• [Activity]: Reproduce the whole listing below without its pictures, exactly as written.

• [Records]:
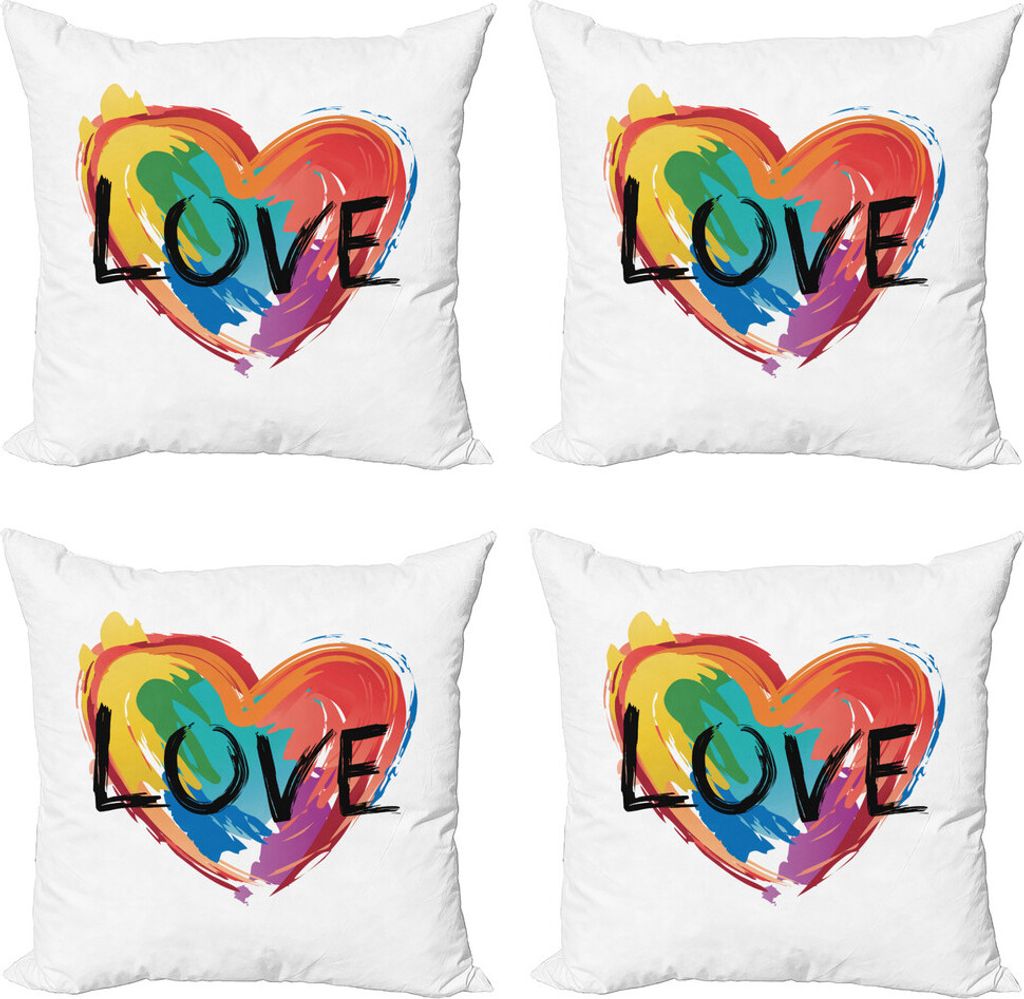 ABAKUHAUS Regenbogen Kissenbezug Set (4 Stück), Pinsel gemalt Herz LGBT, Moderner Doppelseitiger Digitaldruck, 40 cm x 40 cm, Mehrfarbig
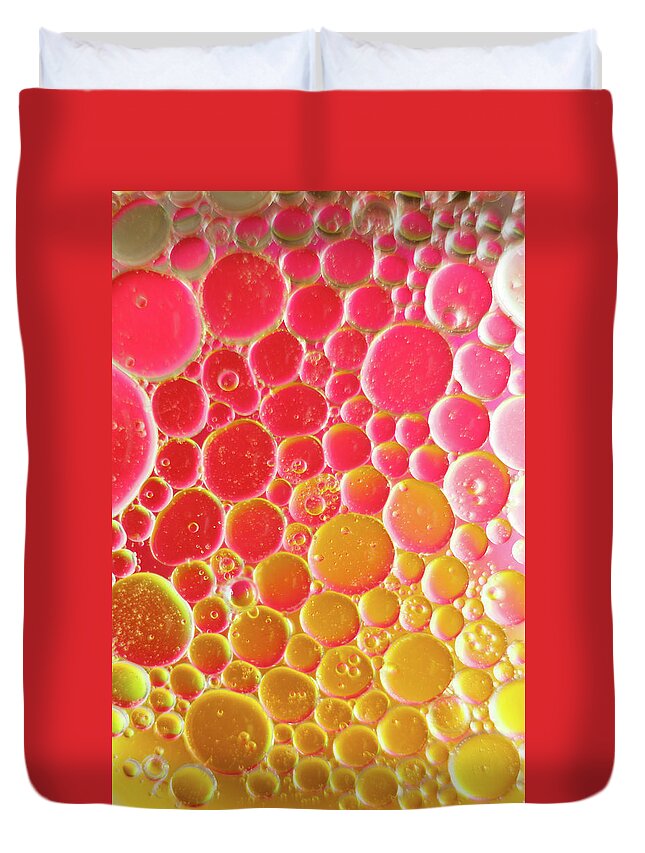 Water Duvet Cover featuring the photograph Water and oil Bubbles by Andy Myatt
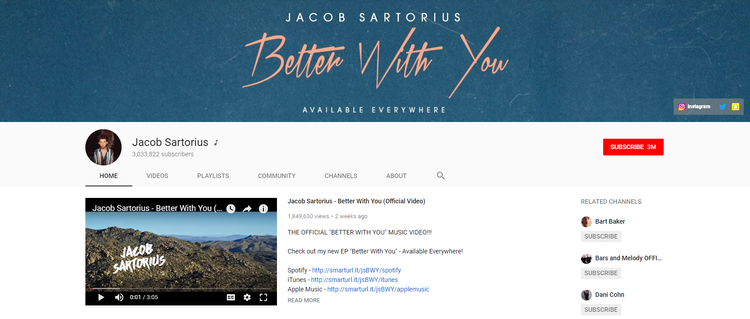 Screenshot of Jacob Sartorious channel on YouTube.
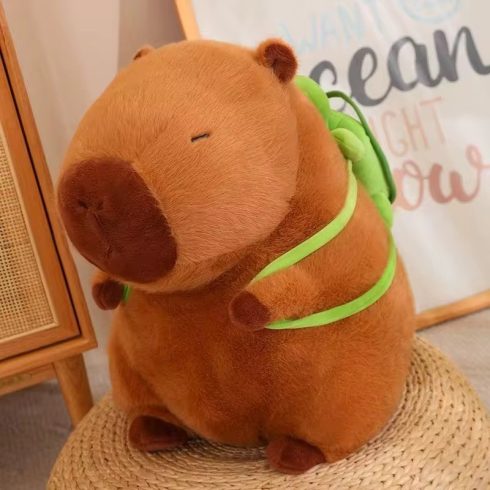 Capybara plüss levehető teknős hátizsákkal 25cm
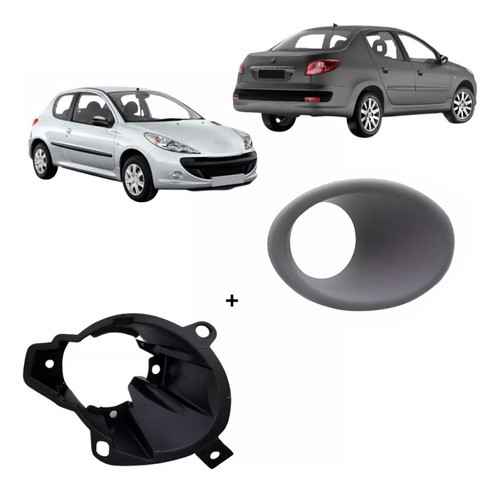 Kit 4 Molduras Suportes Farol Milha 207 2007 2008 09 À 2014 1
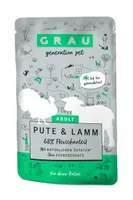 Grau Nassfutter Pute & Lamm, 16 x 125 g - Tierbedürfnis: Kein besonderes Bedürfnis - Geschmacksrichtung: Geflügel - Lamm - Zertifikate: Keine Zertifizierung - Fleischsorte: Truthahn - Lamm - Futtereigenschaft: Glutenfrei - Ohne Zuckerzusatz - Hoher Fleisc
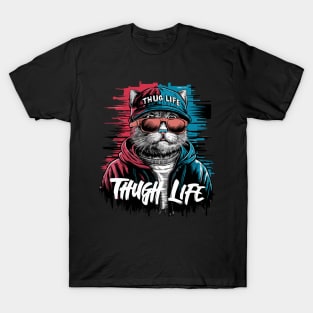 Thug Life Cat Design in Bold Colors T-Shirt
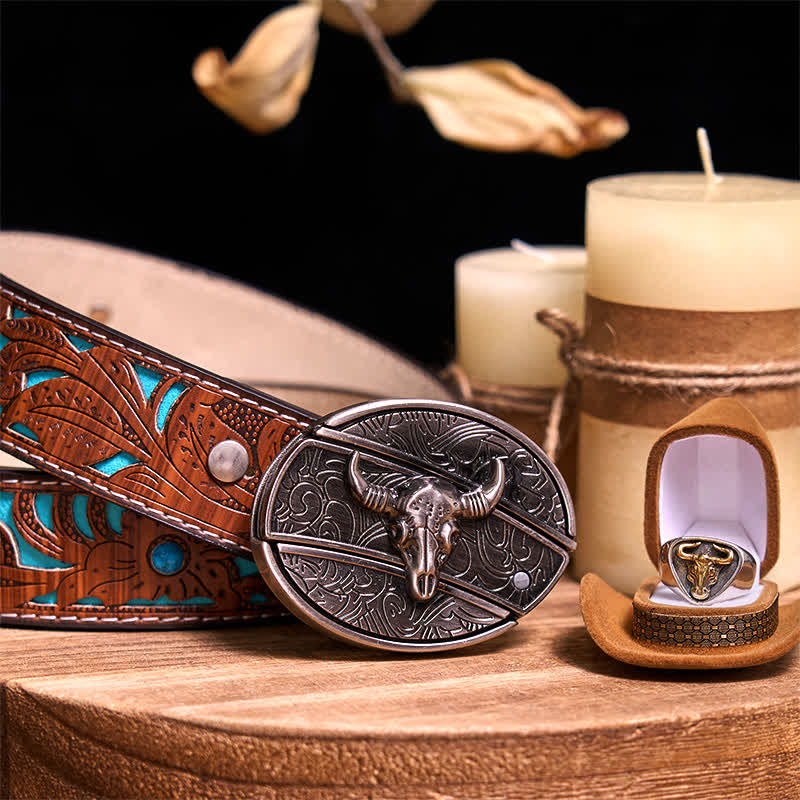 Ensemble de boucles de ceinture fonctionnelles à faire soi-même, couteau caché, anneau de taureau rétro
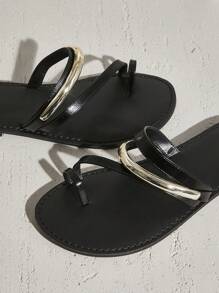 SHUZIA Sandalias planas versátiles y de moda para mujer - Negro - Ver 6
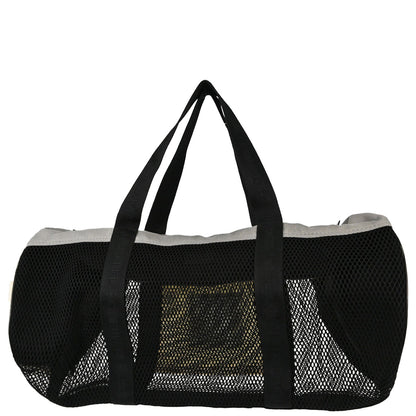 Chanel 2003-2004 Black White Nylon Sport Line Mesh Duffle Handbag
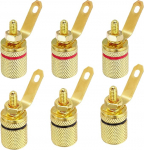 hankekaart Bananenstecker, 4 x 4 mm Panelmontage, Bananenbuchse, 4 mm Buchsenstecker f&uuml;r Bananenstecker, Rot und Schwarz, 10 St&uuml;ck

• [Solution for this task]:
 ABAKUHAUS Regenbogen Kissenbezug Set (4 Stück), Pinsel gemalt Herz LGBT, Moderner Doppelseitiger Digitaldruck, 40 cm x 40 cm, Mehrfarbig
 Water Duvet Cover featuring the photograph Water and oil Bubbles by Andy Myatt
 Screenshot of Jacob Sartorious channel on YouTube.
 Capybara plüss levehető teknős hátizsákkal 25cm
 Kit 4 Molduras Suportes Farol Milha 207 2007 2008 09 À 2014 1
 Grau Nassfutter Pute & Lamm, 16 x 125 g - Tierbedürfnis: Kein besonderes Bedürfnis - Geschmacksrichtung: Geflügel - Lamm - Zertifikate: Keine Zertifizierung - Fleischsorte: Truthahn - Lamm - Futtereigenschaft: Glutenfrei - Ohne Zuckerzusatz - Hoher Fleisc
 Thug Life Cat Design in Bold Colors T-Shirt
 Ensemble de boucles de ceinture fonctionnelles à faire soi-même, couteau caché, anneau de taureau rétro
 SHUZIA Sandalias planas versátiles y de moda para mujer - Negro - Ver 6
 Chanel 2003-2004 Black White Nylon Sport Line Mesh Duffle Handbag
 hankekaart Bananenstecker, 4 x 4 mm Panelmontage, Bananenbuchse, 4 mm Buchsenstecker f&uuml;r Bananenstecker, Rot und Schwarz, 10 St&uuml;ck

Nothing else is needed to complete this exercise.